WORK INSTRUCTION
Each entry that appears below should be restated exactly as it is.

RECORDS
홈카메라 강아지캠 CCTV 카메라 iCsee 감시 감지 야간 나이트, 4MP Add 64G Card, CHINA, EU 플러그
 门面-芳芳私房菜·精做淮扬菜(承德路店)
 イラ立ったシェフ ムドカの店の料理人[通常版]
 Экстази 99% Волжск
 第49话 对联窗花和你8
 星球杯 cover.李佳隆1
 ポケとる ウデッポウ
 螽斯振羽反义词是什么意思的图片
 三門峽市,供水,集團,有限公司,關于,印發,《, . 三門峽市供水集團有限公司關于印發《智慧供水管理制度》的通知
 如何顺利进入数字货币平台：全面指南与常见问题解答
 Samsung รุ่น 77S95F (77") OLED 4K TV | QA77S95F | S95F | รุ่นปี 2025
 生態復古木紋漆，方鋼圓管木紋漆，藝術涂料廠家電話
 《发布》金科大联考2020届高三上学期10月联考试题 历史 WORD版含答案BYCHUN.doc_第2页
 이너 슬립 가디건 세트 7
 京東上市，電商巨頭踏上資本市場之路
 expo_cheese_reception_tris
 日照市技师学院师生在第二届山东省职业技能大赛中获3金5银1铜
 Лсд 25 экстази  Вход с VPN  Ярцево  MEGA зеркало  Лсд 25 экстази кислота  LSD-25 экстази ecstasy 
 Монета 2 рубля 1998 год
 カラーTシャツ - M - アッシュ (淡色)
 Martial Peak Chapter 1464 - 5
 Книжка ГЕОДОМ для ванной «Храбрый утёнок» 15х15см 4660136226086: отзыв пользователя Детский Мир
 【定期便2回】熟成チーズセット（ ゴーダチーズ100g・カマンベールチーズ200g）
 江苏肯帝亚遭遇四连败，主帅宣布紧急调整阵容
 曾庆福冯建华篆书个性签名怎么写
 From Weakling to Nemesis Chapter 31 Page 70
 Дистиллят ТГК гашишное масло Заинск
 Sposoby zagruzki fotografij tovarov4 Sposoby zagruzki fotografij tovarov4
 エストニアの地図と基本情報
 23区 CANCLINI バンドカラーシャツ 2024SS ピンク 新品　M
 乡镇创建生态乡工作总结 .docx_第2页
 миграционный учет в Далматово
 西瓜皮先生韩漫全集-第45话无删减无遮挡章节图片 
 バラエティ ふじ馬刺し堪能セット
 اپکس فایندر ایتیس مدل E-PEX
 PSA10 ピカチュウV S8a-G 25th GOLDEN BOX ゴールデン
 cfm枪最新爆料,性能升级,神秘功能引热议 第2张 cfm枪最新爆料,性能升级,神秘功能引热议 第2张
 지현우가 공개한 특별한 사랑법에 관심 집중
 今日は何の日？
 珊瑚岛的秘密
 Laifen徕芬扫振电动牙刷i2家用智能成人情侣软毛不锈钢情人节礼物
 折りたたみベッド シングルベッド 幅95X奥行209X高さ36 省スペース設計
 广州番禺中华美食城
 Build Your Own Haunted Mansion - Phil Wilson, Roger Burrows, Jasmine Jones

TASK SOLUTION
홈카메라 강아지캠 CCTV 카메라 iCsee 감시 감지 야간 나이트, 4MP Add 64G Card, CHINA, EU 플러그
 门面-芳芳私房菜·精做淮扬菜(承德路店)
 イラ立ったシェフ ムドカの店の料理人[通常版]
 Экстази 99% Волжск
 第49话 对联窗花和你8
 星球杯 cover.李佳隆1
 ポケとる ウデッポウ
 螽斯振羽反义词是什么意思的图片
 三門峽市,供水,集團,有限公司,關于,印發,《, . 三門峽市供水集團有限公司關于印發《智慧供水管理制度》的通知
 如何顺利进入数字货币平台：全面指南与常见问题解答
 Samsung รุ่น 77S95F (77") OLED 4K TV | QA77S95F | S95F | รุ่นปี 2025
 生態復古木紋漆，方鋼圓管木紋漆，藝術涂料廠家電話
 《发布》金科大联考2020届高三上学期10月联考试题 历史 WORD版含答案BYCHUN.doc_第2页
 이너 슬립 가디건 세트 7
 京東上市，電商巨頭踏上資本市場之路
 expo_cheese_reception_tris
 日照市技师学院师生在第二届山东省职业技能大赛中获3金5银1铜
 Лсд 25 экстази  Вход с VPN  Ярцево  MEGA зеркало  Лсд 25 экстази кислота  LSD-25 экстази ecstasy 
 Монета 2 рубля 1998 год
 カラーTシャツ - M - アッシュ (淡色)
 Martial Peak Chapter 1464 - 5
 Книжка ГЕОДОМ для ванной «Храбрый утёнок» 15х15см 4660136226086: отзыв пользователя Детский Мир
 【定期便2回】熟成チーズセット（ ゴーダチーズ100g・カマンベールチーズ200g）
 江苏肯帝亚遭遇四连败，主帅宣布紧急调整阵容
 曾庆福冯建华篆书个性签名怎么写
 From Weakling to Nemesis Chapter 31 Page 70
 Дистиллят ТГК гашишное масло Заинск
 Sposoby zagruzki fotografij tovarov4 Sposoby zagruzki fotografij tovarov4
 エストニアの地図と基本情報
 23区 CANCLINI バンドカラーシャツ 2024SS ピンク 新品　M
 乡镇创建生态乡工作总结 .docx_第2页
 миграционный учет в Далматово
 西瓜皮先生韩漫全集-第45话无删减无遮挡章节图片 
 バラエティ ふじ馬刺し堪能セット
 اپکس فایندر ایتیس مدل E-PEX
 PSA10 ピカチュウV S8a-G 25th GOLDEN BOX ゴールデン
 cfm枪最新爆料,性能升级,神秘功能引热议 第2张 cfm枪最新爆料,性能升级,神秘功能引热议 第2张
 지현우가 공개한 특별한 사랑법에 관심 집중
 今日は何の日？
 珊瑚岛的秘密
 Laifen徕芬扫振电动牙刷i2家用智能成人情侣软毛不锈钢情人节礼物
 折りたたみベッド シングルベッド 幅95X奥行209X高さ36 省スペース設計
 广州番禺中华美食城
 Build Your Own Haunted Mansion - Phil Wilson, Roger Burrows, Jasmine Jones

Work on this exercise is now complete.